### [Aim of the exercise]
Please return only the lines from the one holding "Kawaii Disney Plush" through the one holding "Accessory Kit, disc brake pad (7932207)", exactly as they appear in the records below, both ends included.

[Dataset records]
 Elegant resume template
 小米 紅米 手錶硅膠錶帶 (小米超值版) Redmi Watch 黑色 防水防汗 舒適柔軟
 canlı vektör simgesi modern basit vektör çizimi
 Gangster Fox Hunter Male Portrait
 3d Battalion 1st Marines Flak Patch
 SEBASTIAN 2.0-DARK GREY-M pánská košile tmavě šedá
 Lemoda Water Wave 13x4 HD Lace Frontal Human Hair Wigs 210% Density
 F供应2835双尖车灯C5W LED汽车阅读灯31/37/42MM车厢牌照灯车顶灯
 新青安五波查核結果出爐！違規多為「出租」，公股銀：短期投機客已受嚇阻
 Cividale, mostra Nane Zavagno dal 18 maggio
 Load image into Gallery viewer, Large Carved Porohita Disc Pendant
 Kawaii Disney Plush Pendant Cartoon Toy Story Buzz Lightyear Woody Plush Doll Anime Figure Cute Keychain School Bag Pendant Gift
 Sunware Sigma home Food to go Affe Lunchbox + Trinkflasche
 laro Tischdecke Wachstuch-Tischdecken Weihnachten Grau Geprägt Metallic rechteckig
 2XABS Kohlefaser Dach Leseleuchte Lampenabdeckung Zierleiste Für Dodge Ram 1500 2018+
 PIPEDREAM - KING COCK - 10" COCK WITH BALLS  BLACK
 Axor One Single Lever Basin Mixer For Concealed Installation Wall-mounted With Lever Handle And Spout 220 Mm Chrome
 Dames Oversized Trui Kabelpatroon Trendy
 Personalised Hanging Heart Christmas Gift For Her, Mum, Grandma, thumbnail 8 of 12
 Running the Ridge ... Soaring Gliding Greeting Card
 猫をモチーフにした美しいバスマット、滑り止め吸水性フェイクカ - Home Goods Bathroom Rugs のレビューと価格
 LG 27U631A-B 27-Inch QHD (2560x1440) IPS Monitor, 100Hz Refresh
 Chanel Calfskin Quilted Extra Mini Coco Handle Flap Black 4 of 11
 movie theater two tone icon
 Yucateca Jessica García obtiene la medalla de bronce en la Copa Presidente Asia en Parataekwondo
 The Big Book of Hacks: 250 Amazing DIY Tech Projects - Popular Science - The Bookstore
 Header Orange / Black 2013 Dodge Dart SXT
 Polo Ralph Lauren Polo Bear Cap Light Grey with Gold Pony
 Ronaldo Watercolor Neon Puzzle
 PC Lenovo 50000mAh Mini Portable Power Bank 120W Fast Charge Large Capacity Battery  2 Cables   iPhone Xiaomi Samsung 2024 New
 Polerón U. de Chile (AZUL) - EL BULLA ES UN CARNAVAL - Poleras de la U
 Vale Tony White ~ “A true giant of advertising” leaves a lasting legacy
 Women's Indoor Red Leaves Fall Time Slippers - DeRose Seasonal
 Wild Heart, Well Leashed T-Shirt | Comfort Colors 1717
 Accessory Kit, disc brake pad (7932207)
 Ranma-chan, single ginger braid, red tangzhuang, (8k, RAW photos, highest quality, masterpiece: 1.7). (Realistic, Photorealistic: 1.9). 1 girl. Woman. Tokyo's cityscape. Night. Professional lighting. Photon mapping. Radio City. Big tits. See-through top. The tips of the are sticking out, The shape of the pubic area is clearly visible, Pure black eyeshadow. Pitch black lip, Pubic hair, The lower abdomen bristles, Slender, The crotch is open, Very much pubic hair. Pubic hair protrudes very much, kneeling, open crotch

### [Completed exercise]
 Kawaii Disney Plush Pendant Cartoon Toy Story Buzz Lightyear Woody Plush Doll Anime Figure Cute Keychain School Bag Pendant Gift
 Sunware Sigma home Food to go Affe Lunchbox + Trinkflasche
 laro Tischdecke Wachstuch-Tischdecken Weihnachten Grau Geprägt Metallic rechteckig
 2XABS Kohlefaser Dach Leseleuchte Lampenabdeckung Zierleiste Für Dodge Ram 1500 2018+
 PIPEDREAM - KING COCK - 10" COCK WITH BALLS  BLACK
 Axor One Single Lever Basin Mixer For Concealed Installation Wall-mounted With Lever Handle And Spout 220 Mm Chrome
 Dames Oversized Trui Kabelpatroon Trendy
 Personalised Hanging Heart Christmas Gift For Her, Mum, Grandma, thumbnail 8 of 12
 Running the Ridge ... Soaring Gliding Greeting Card
 猫をモチーフにした美しいバスマット、滑り止め吸水性フェイクカ - Home Goods Bathroom Rugs のレビューと価格
 LG 27U631A-B 27-Inch QHD (2560x1440) IPS Monitor, 100Hz Refresh
 Chanel Calfskin Quilted Extra Mini Coco Handle Flap Black 4 of 11
 movie theater two tone icon
 Yucateca Jessica García obtiene la medalla de bronce en la Copa Presidente Asia en Parataekwondo
 The Big Book of Hacks: 250 Amazing DIY Tech Projects - Popular Science - The Bookstore
 Header Orange / Black 2013 Dodge Dart SXT
 Polo Ralph Lauren Polo Bear Cap Light Grey with Gold Pony
 Ronaldo Watercolor Neon Puzzle
 PC Lenovo 50000mAh Mini Portable Power Bank 120W Fast Charge Large Capacity Battery  2 Cables   iPhone Xiaomi Samsung 2024 New
 Polerón U. de Chile (AZUL) - EL BULLA ES UN CARNAVAL - Poleras de la U
 Vale Tony White ~ “A true giant of advertising” leaves a lasting legacy
 Women's Indoor Red Leaves Fall Time Slippers - DeRose Seasonal
 Wild Heart, Well Leashed T-Shirt | Comfort Colors 1717
 Accessory Kit, disc brake pad (7932207)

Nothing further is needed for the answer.